Alize le Roux, a senior researcher for African Futures and Innovation at the Institute of Security Studies (ISS), revealed this in a presentation on Tuesday during a virtual discussion titled: "What is Southern Africa's plan for the climate crisis?"

In her presentation, she also said there were 606 water-related disasters in the same period that led to loss of life, displacement, and the destruction of infrastructure and economic activities.

"In these four decades, SADC (the Southern African Development Community) has seen about 606 what we call hydro-metrological disasters. These are events where people have lost their lives, [have been] displaced, or there has been significant infrastructure damage," she said.

In recent times, Cyclone Idai of 2019 was recorded as one of the worst tropical cyclones to affect Africa and the Southern hemisphere. It caused a humanitarian crisis that stretched from Madagascar, Mozambique, Malawi and Zimbabwe, leaving 1 300 people dead and many more missing, and directly affecting three-million people.

Painting a bigger picture of disasters since 1980, Le Roux said "about 170-million people have been directly affected in the past four decades" and about 2.7-million people have been left homeless.

"We are expecting the damages would have exceeded $40-billion by now," Le Roux said.

She also said water was the "Achilles' heel" of Southern Africa.

"Ninety percent of people who've been affected in SADC, requiring urgent assistance is because of either too much or too little water.
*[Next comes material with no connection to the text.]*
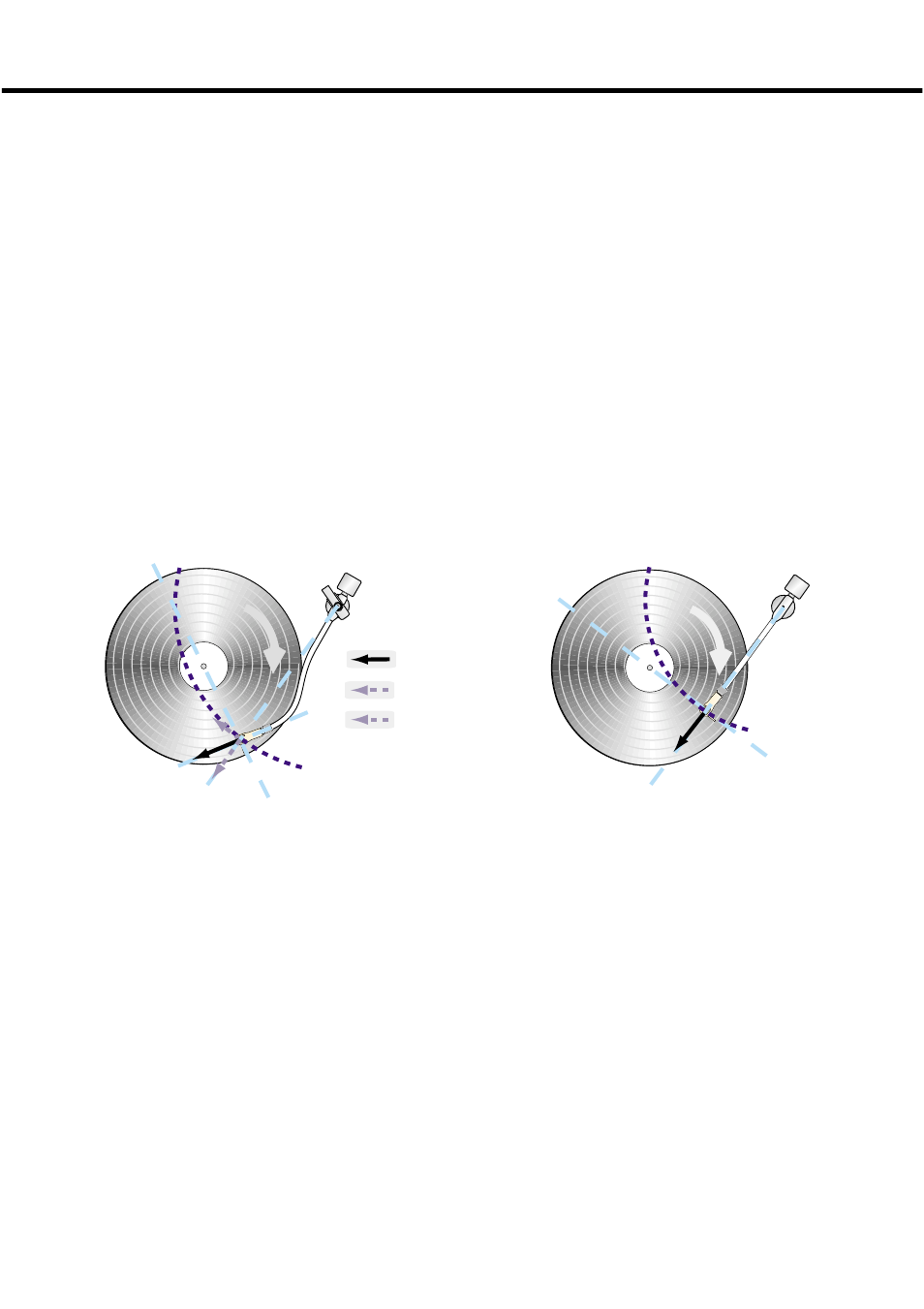 A.s.t.s(anti skipping tone-arm system), Normal type tone-arm a. s. t. s, No inside force is generated | Generates inside force | Vestax PDX-d3S User Manual | Page 5 / 12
Three hundred and fourteen flooding events (since 1980) and around 102 droughts have struck the area," she said.

According to ReliefWeb, a humanitarian aid monitoring institution, at least 21 people were killed in Mozambique last year, and an estimated 125 000 others were affected by the impact of storms through flooding.

"The fact that Mozambique shares nine international river basins with South Africa, Zimbabwe and Zambia contributes toward their flooding incidents," she said.

Cyclones will continue to be a problem for Southern Africa as they become more in frequency and severity. 

"What climate change does to these spectra is that it increases the footprint of these natural hazards but it also increases the frequency and it also increases the magnitude and severity of these hazards," she said.

Since cyclones feed on hot air, and temperatures are on the rise due to global warming, there are dangers of bigger destruction to infrastructure, loss of life and economic activity in the region.